Capasso, Niccolò Cirillo e tanti che saria lungo a nominarli, nati al finire del secolo XVII, vivevano ne’ primi decenni del secolo seguente come luce della loro età e dell’avvenire. E viveva Giovan Battista Vico, miracolo di sapienza e di fama postuma, però che da nessuno pienamente inteso, da tutti ammirato, e coll’andar degli anni meglio scoperto e più accresciuto di onore, dimostra che in lui era forse volontaria l’oscurità, o che le sentenze del suo libro aspettano per palesarsi altri tempi ed ordine di studii più confacente alle dottrine di quello ingegno.

XV. Assai peggiori delle istituzioni civili erano le militari. Si usavano per levar soldati tutti i modi illegittimi: i gaggi, la seduzione, la scelta da’ condannati o dai prigionieri, la presa de vagabondi, l’arbitrario comando de’ baroni; il solo mezzo giusto della sorte non era usato.
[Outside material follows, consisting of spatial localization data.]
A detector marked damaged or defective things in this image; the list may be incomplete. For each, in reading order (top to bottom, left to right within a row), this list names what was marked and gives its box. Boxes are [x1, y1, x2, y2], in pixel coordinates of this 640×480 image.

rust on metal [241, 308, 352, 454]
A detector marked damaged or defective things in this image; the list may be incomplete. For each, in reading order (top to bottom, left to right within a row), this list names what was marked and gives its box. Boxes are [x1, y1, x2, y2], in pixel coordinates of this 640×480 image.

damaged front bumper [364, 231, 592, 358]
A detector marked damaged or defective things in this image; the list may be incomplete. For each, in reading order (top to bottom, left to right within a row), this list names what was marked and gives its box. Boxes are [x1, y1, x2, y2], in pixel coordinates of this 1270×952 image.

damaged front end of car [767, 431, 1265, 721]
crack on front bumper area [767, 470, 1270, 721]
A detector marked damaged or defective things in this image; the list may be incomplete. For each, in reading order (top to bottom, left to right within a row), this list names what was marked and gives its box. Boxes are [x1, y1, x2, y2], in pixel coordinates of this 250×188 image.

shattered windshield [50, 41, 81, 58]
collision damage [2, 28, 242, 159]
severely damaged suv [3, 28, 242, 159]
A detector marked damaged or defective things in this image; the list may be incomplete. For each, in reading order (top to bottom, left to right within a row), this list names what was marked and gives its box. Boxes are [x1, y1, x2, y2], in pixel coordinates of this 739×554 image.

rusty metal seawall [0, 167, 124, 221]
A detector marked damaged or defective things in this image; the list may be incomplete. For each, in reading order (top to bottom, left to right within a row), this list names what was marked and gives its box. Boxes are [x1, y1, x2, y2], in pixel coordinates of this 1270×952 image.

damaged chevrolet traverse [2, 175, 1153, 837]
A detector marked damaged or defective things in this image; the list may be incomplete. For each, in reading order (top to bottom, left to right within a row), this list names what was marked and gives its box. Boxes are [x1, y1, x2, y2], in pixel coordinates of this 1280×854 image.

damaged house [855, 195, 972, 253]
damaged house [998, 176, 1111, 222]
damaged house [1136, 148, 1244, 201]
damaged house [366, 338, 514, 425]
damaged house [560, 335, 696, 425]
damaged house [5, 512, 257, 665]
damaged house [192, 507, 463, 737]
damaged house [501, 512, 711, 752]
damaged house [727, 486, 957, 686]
I pessimi delle città erano quindi eletti al più nobile uffizio dei cittadini, e si mandavano per guerre lontane in Italia o più sovente in Ispagna, dove con abito spagnuolo, sotto non propria insegna, per nome e gloria d’altri combattevano. Napoli intorpidiva in servitù scioperata, i Napoletani stavano in guerra continua ed ingloriosa. Non erano nello interno ordini di milizia; milizie straniere guardavano il paese, e le nostre in terra straniera ohbedivano alle non proprie ordinanze: le arti di guerra imparate altrove non erano utili a noi; e ’l sangue e i sudori delle nostre genti non facevano la gloria nostra. Cosi che mancavano ordini, usi, esercizii, tradizione, fama, sentimento di milizia: e questo nome onorevole negli altri stati era per Napoli doloroso ed abborrito.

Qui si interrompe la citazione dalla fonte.